Defiant insurer QBE says promises kept despite ‘toughest market’

by Maryvonne Gray 23 Feb 2016

Defiant insurer QBE says promises kept despite ‘toughest market’

QBE’s chairman Marty Becker has pointed to increasing globalisation as causing the ‘toughest marketplace’ in his memory, and the backdrop to the insurer’s FY2015 results.

The Group announced net profit after tax (NPAT) as US$807 million but Gross Written Premium (GWP) was down 7% overall.

“I think I can say without doubt that this is the toughest marketplace I can remember,” Becker said.

“Increasing globalisation has seen new capital entering the insurance market seeking a profitable home and consequently dragging down prices.

“At the same time, investment returns remain well below historic levels. To remain profitable insurers have no option but to focus their efforts on high quality underwriting, efficiency and cost reduction.”

He continued: “Against that challenging backdrop, QBE has delivered on 2015 promises.

“Despite challenges in a number of our markets, our business overall has largely achieved target.”

Becker added: “I am increasingly confident we are set up for future success.”

In Australia and New Zealand, the business saw its GWP drop 14% as the decline of the Australian dollar and increases in claims hit the business.

‘Significant’ rate decreases in the New Zealand market made a dent in QBE’s premium income, with a decrease of 7.3%, and coupled with Australia’s 2% fall it averaged to 2.4%.

Group CEO John Neal said: “With the backdrop of considerable catastrophe claims activity in the first half of 2015, ongoing price competition and a significant increase in NSW CTP claims frequency, Australian & New Zealand operations’ combined operating ratio of 91.3% is a solid outcome.

“By repricing our NSW CTP portfolio and implementing important operational changes designed to build scalability in to the acquisition cost base, we aim to hold underwriting margins steady despite continued challenging market conditions.”

A bright spot for the business in Australia and New Zealand was the growth of the commercial portfolio, which saw a 5% bump.

New business growth was strong across most lines of business in New Zealand, the company said.

“Pleasingly, our traditional commercial portfolio grew by around 5% despite premium rate decreases in most products,” the company said in its reporting.

“Growth was driven by a heightened focus on the customer experience which enhanced the retention of quality business and led to the placement of additional new business.”

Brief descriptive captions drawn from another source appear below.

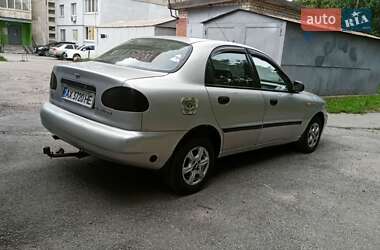Седан Daewoo Lanos 2003 в 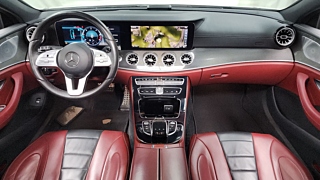 MERCEDES BENZ CLS-CLASS C257 2019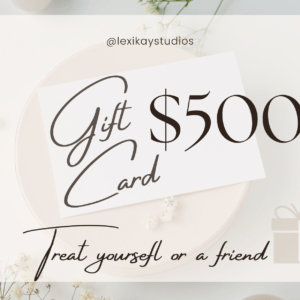 Gift Card 500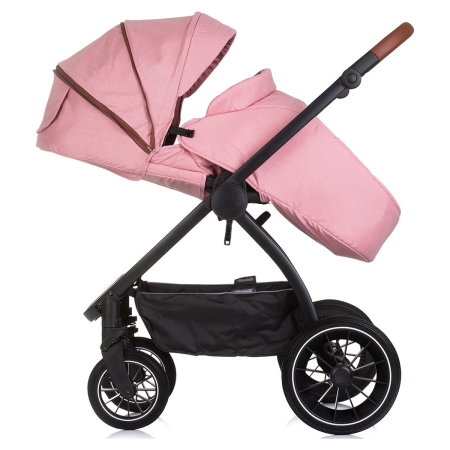 Carucior Chipolino Prestige 3 in 1 marshmallow 0 luni [11]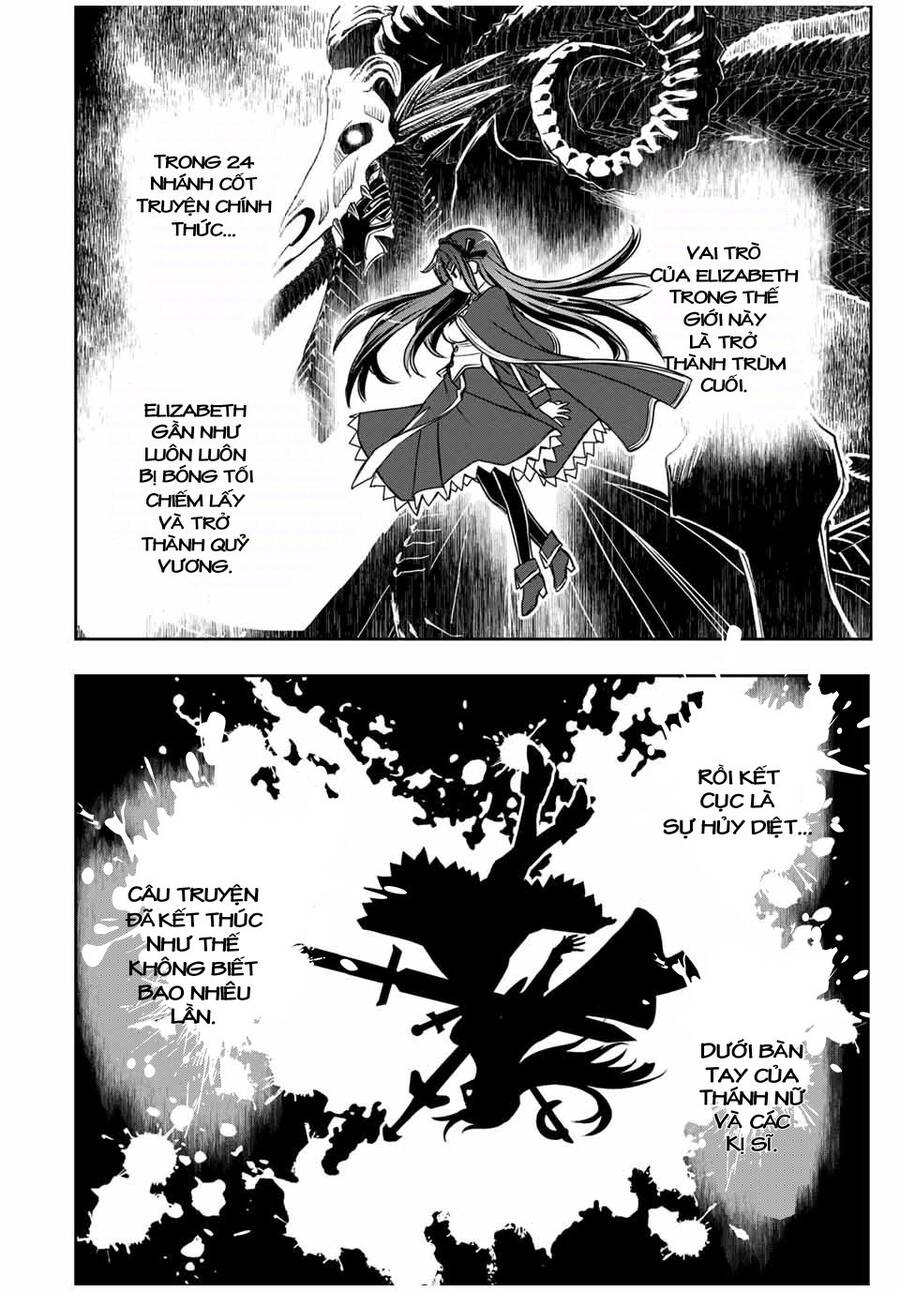 Mị Thành Nữ Phản Diện Kiêm Trùm Cuối Rồi Nè! Chap 3 - Next Chap 4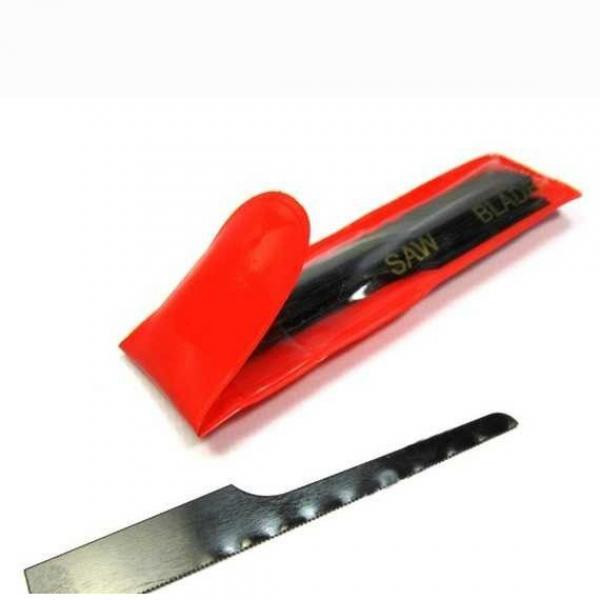 Купити Набор пилок для пневмолобзика ST-6611K (24 зуб.)  (Sumake 6611-35B-10)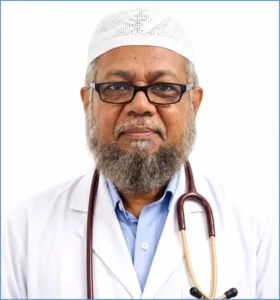 অধ্যাপক ডাঃ এ বি সিদ্দিক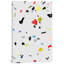 " Painted Terrazzo I " by LEEMO-73200463-73200464-73200465
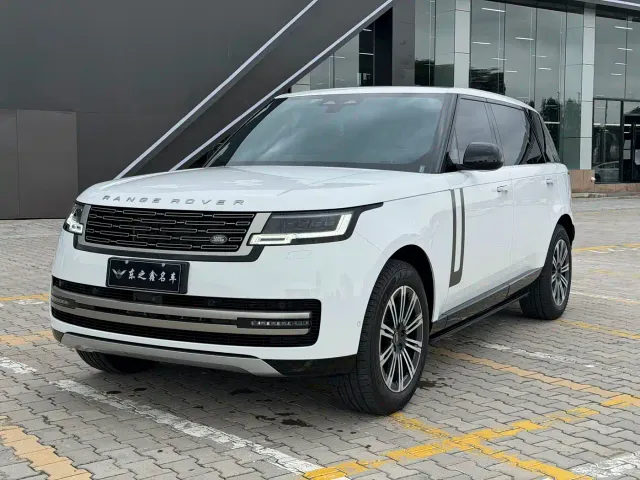 Land Rover Range Rover — Фото автомобиля 8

Neal noted that he was pleased with the result as it included investment in the business which would pay dividends over the coming years.

“I am pleased to report we have executed on the targets we set at the beginning of 2015, delivering an underwriting result at the better end and an insurance profit margin towards the middle of our target ranges,” he said.

“The success of our portfolio remediation activities of the last three years is evidenced by each of our businesses now producing an underwriting profit and, particularly, by the continuing improvement in the performance of our North American Operations.

“It is noteworthy that we produced our result in the face of a number of headwinds, including challenging insurance pricing and investment markets, a significantly stronger US dollar and continued low interest rates. Moreover, the result included substantial investment in infrastructure, technology and people.”